**Task directions**
Once you reach the line containing "GUCCI HIGH SANDAL BLACK SUEDE WITH PATTERNS", return it and every line after it exactly, through the end of the records below, with no pictures.

**Supplied data**

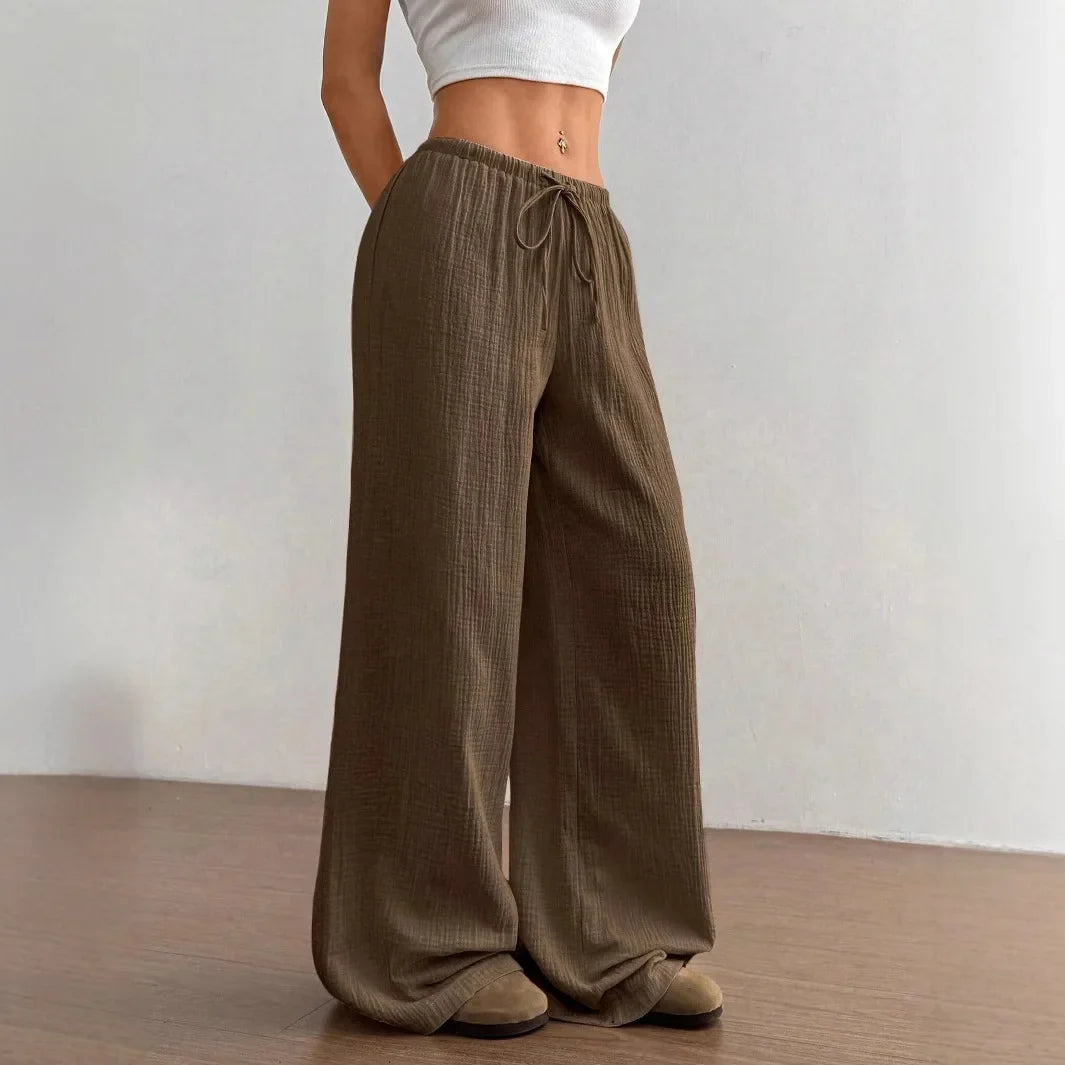 New Style Pure Cotton Fashion Casual Solid Color Loose Wide-Leg Floor-Length Trousers for Women
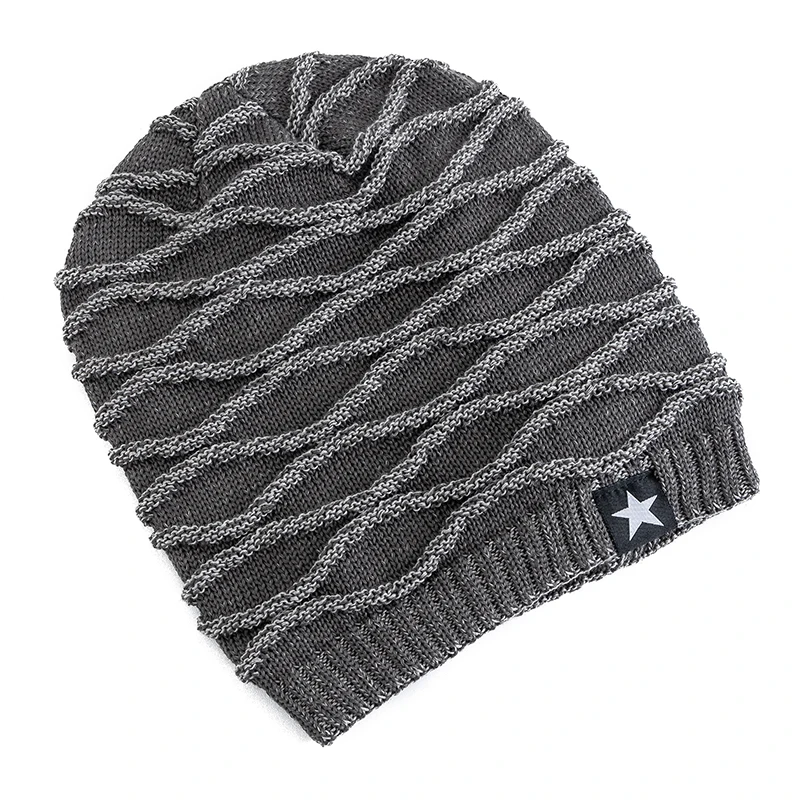 Hot Sale Unisex Slouchy Winter Hats Men Women Warm Beanie Cap Casual Five-Pointed Star Decor Winter Knitted Hats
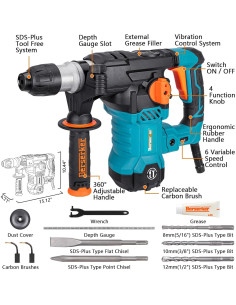 Taladro Rotatorio Berserker 32MB 1500W 4 Funciones SDS-Plus 2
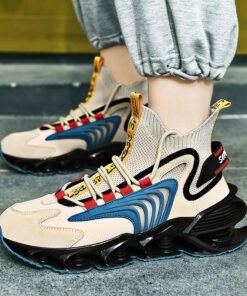 Men’s Spring Blade Sneakers — Trendy Color-Match Breathable Running Shoes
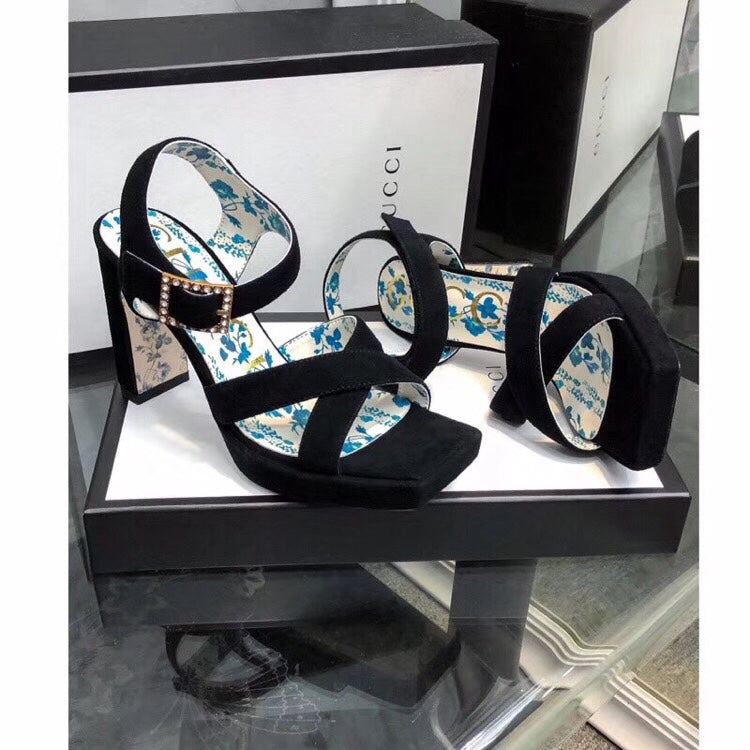 GUCCI HIGH SANDAL BLACK SUEDE WITH PATTERNS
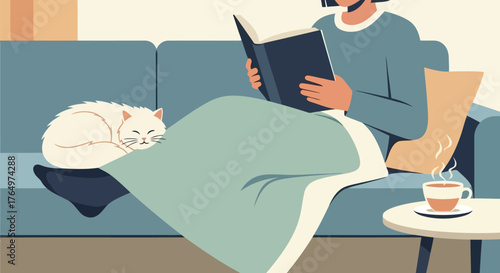Illustration of relaxed person reading book on couch with sleeping cat beside them in cozy home setting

**Response area**
 GUCCI HIGH SANDAL BLACK SUEDE WITH PATTERNS
Illustration of relaxed person reading book on couch with sleeping cat beside them in cozy home setting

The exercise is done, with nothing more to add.